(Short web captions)
□ □ □ □ □ □ □

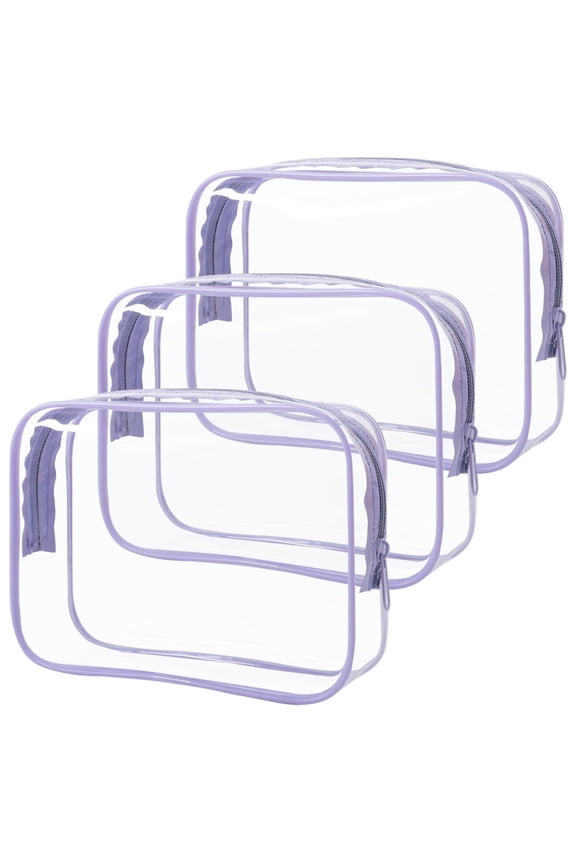 Clear Toiletry Bag, 3 Pack TSA Approved Toiletry Bag Quart Size Bag, Travel Makeup Cosmetic Bag for Women Men, Carry on Airport Airline Compliant Bag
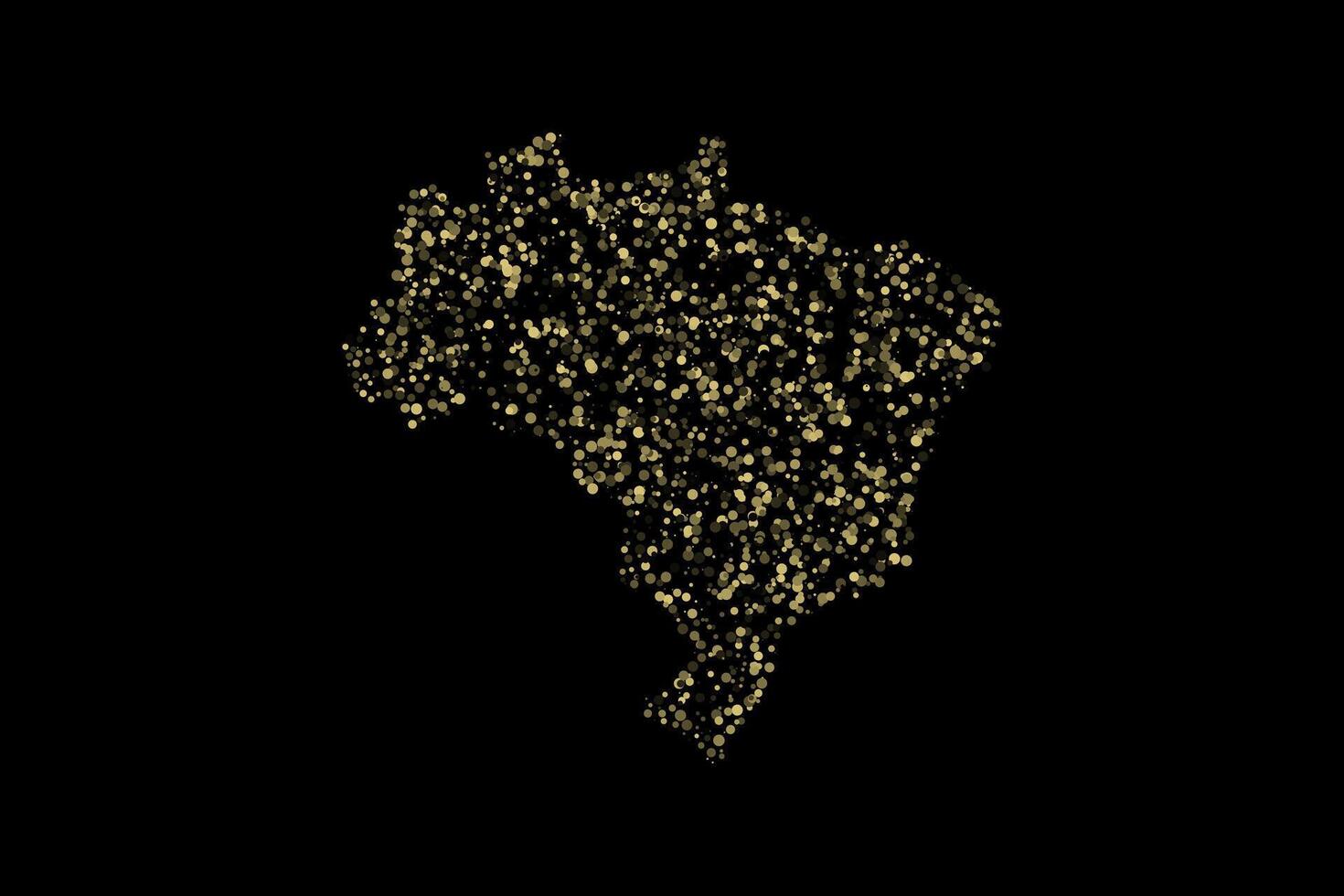 Golden brazil country map border circles background vector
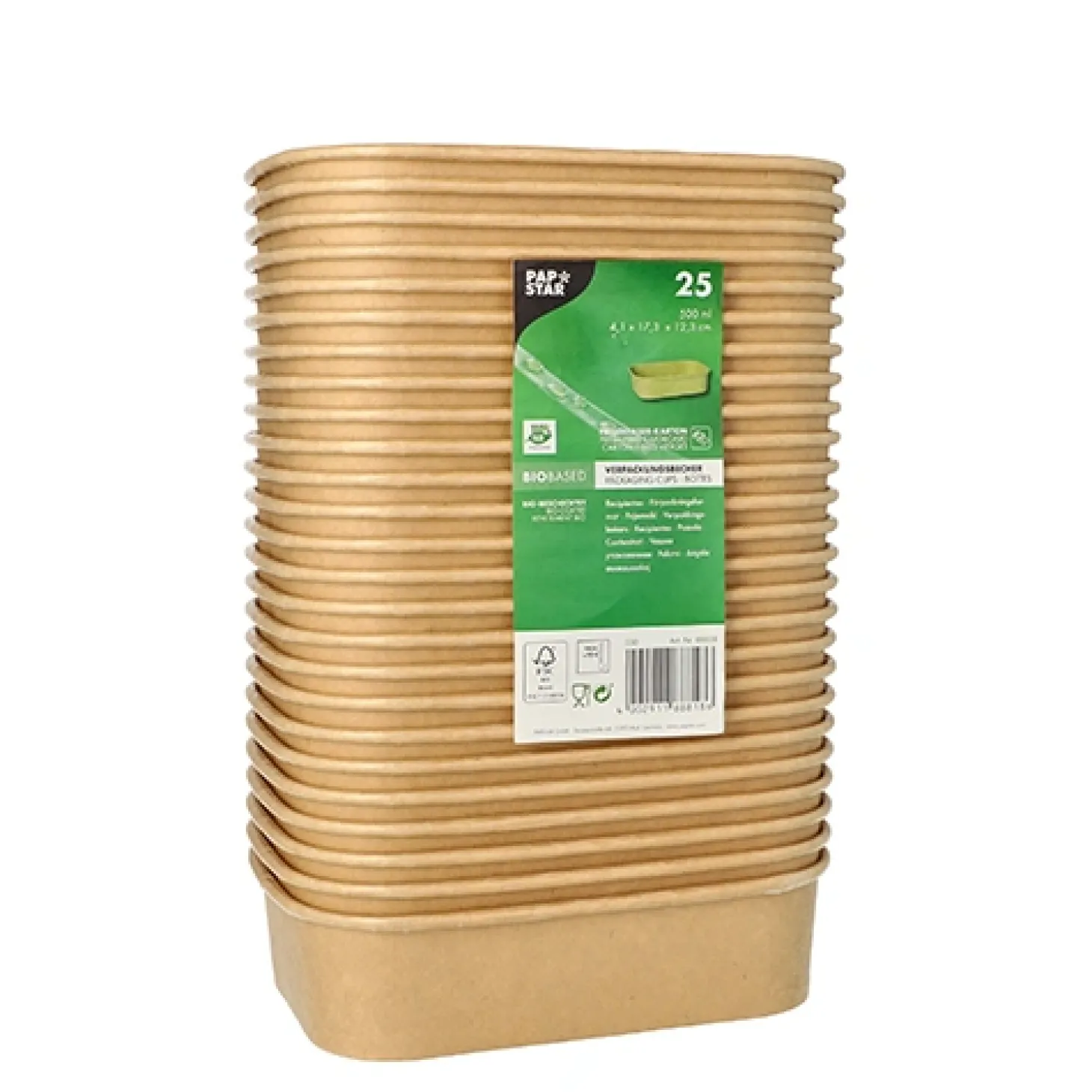 PAPSTAR Verpackungsbecher, Pappe rechteckig 500 ml 4,1 cm x 17,3 cm x 12,3 cm braun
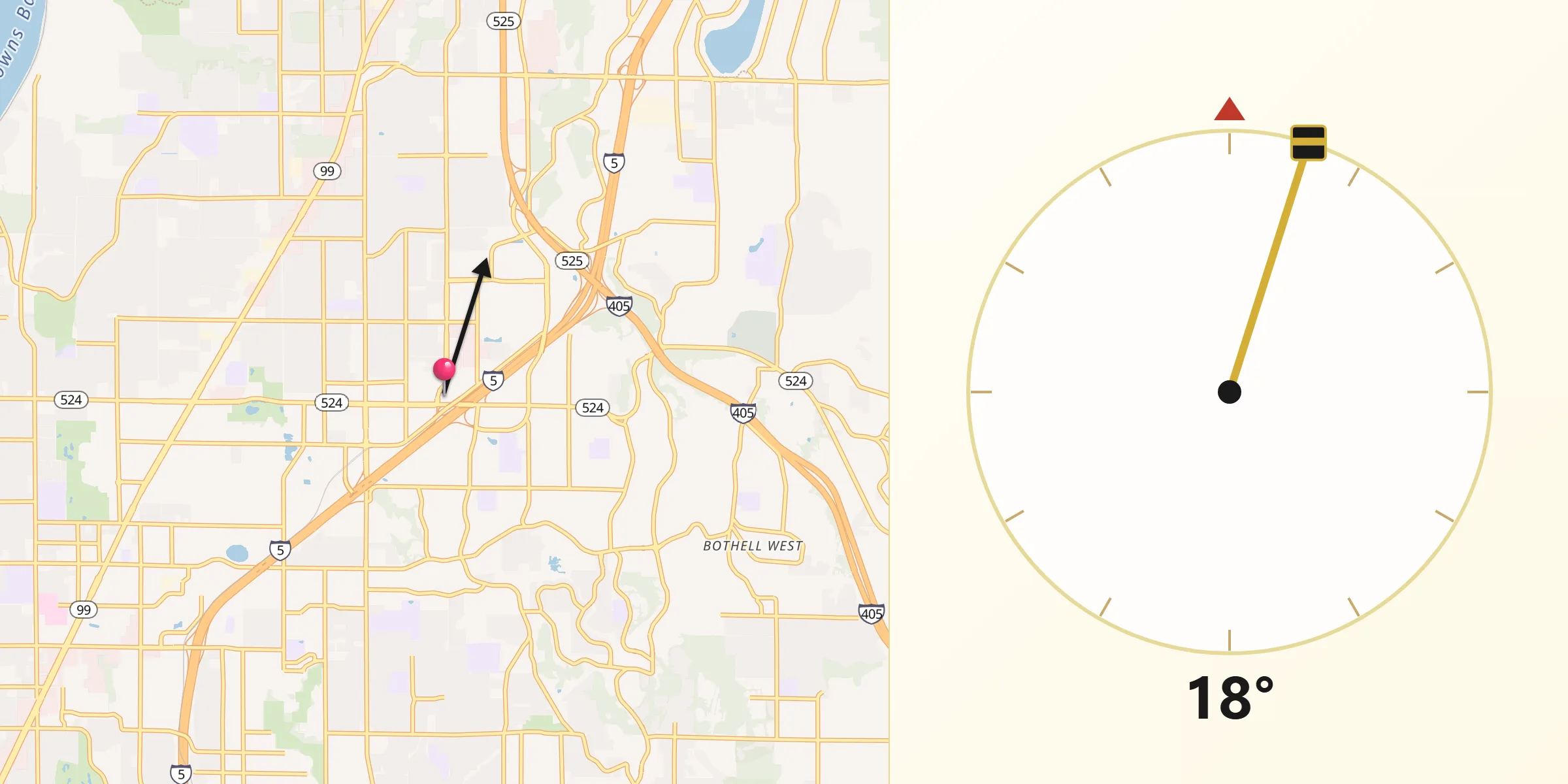 Qibla Direction from Alderwood Manor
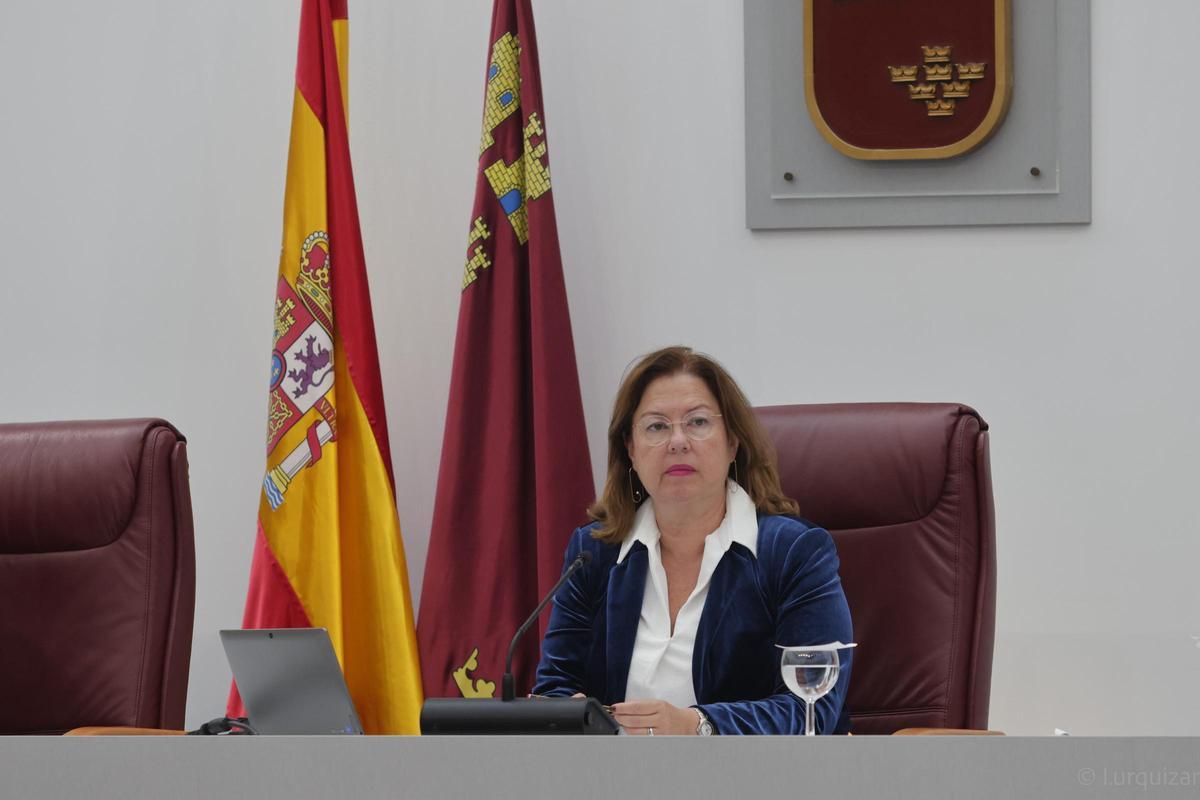 La presidenta de la Asamblea, Visitación Martínez, durante la sesión de control.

□ □ □ □ □ □ □

-- What you have to do --
Strip the images and return the remaining data exactly.

-- Written solution --
 Clear Toiletry Bag, 3 Pack TSA Approved Toiletry Bag Quart Size Bag, Travel Makeup Cosmetic Bag for Women Men, Carry on Airport Airline Compliant Bag
 Golden brazil country map border circles background vector
 PAPSTAR Verpackungsbecher, Pappe rechteckig 500 ml 4,1 cm x 17,3 cm x 12,3 cm braun
 Qibla Direction from Alderwood Manor
 La presidenta de la Asamblea, Visitación Martínez, durante la sesión de control.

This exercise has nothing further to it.